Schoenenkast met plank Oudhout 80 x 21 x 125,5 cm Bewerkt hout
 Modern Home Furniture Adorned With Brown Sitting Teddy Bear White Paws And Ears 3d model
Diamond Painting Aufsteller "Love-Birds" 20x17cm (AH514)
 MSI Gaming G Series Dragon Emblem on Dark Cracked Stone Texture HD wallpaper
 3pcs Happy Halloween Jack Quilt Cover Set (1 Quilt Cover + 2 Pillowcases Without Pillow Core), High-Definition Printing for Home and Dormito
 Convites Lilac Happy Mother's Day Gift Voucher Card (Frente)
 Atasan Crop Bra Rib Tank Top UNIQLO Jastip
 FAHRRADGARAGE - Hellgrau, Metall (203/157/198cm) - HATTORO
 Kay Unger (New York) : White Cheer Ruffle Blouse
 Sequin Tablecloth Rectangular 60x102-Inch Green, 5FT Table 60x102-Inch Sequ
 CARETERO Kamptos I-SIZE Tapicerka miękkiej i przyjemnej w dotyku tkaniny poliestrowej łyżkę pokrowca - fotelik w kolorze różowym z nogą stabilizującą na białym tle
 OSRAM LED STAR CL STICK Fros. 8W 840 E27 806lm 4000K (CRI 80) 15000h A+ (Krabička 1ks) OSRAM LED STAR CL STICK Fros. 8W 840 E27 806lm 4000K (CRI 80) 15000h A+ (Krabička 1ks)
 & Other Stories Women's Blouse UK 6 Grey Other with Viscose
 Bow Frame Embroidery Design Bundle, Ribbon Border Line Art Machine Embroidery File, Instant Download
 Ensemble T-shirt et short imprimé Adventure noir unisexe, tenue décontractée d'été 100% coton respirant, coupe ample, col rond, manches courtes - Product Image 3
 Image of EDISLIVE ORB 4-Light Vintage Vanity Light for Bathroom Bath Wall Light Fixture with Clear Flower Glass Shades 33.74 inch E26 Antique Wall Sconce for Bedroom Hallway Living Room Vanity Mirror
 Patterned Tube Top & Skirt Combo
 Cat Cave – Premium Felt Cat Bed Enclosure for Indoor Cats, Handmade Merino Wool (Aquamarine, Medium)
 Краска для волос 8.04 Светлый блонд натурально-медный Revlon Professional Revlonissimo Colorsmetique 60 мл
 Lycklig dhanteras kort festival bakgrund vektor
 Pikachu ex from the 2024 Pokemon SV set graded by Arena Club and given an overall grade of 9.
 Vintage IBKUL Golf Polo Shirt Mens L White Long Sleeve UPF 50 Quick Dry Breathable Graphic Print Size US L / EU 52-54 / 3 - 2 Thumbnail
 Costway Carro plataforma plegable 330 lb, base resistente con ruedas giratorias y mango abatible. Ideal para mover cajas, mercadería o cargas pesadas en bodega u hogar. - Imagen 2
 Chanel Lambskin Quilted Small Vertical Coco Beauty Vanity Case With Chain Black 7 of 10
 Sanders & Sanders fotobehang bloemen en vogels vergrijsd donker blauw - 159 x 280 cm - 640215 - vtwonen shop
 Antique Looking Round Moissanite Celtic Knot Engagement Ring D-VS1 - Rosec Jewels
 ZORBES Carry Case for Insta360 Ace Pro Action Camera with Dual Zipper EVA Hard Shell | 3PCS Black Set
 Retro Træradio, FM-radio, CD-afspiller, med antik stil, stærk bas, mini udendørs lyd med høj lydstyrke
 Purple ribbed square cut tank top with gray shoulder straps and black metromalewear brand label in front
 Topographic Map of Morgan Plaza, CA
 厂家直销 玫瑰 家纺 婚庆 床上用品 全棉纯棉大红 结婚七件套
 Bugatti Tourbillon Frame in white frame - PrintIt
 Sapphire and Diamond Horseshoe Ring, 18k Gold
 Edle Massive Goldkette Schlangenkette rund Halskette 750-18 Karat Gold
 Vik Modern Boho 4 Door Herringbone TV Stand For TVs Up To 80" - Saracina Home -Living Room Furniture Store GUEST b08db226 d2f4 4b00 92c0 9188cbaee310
- - -
• _ASSIGNED TASK_: Considering only the material above, set down every line from the one with "Lycklig dhanteras kort" to the one with "ZORBES Carry Case", inclusive, exactly as written.

• _EXERCISE SOLUTION_:
 Lycklig dhanteras kort festival bakgrund vektor
 Pikachu ex from the 2024 Pokemon SV set graded by Arena Club and given an overall grade of 9.
 Vintage IBKUL Golf Polo Shirt Mens L White Long Sleeve UPF 50 Quick Dry Breathable Graphic Print Size US L / EU 52-54 / 3 - 2 Thumbnail
 Costway Carro plataforma plegable 330 lb, base resistente con ruedas giratorias y mango abatible. Ideal para mover cajas, mercadería o cargas pesadas en bodega u hogar. - Imagen 2
 Chanel Lambskin Quilted Small Vertical Coco Beauty Vanity Case With Chain Black 7 of 10
 Sanders & Sanders fotobehang bloemen en vogels vergrijsd donker blauw - 159 x 280 cm - 640215 - vtwonen shop
 Antique Looking Round Moissanite Celtic Knot Engagement Ring D-VS1 - Rosec Jewels
 ZORBES Carry Case for Insta360 Ace Pro Action Camera with Dual Zipper EVA Hard Shell | 3PCS Black Set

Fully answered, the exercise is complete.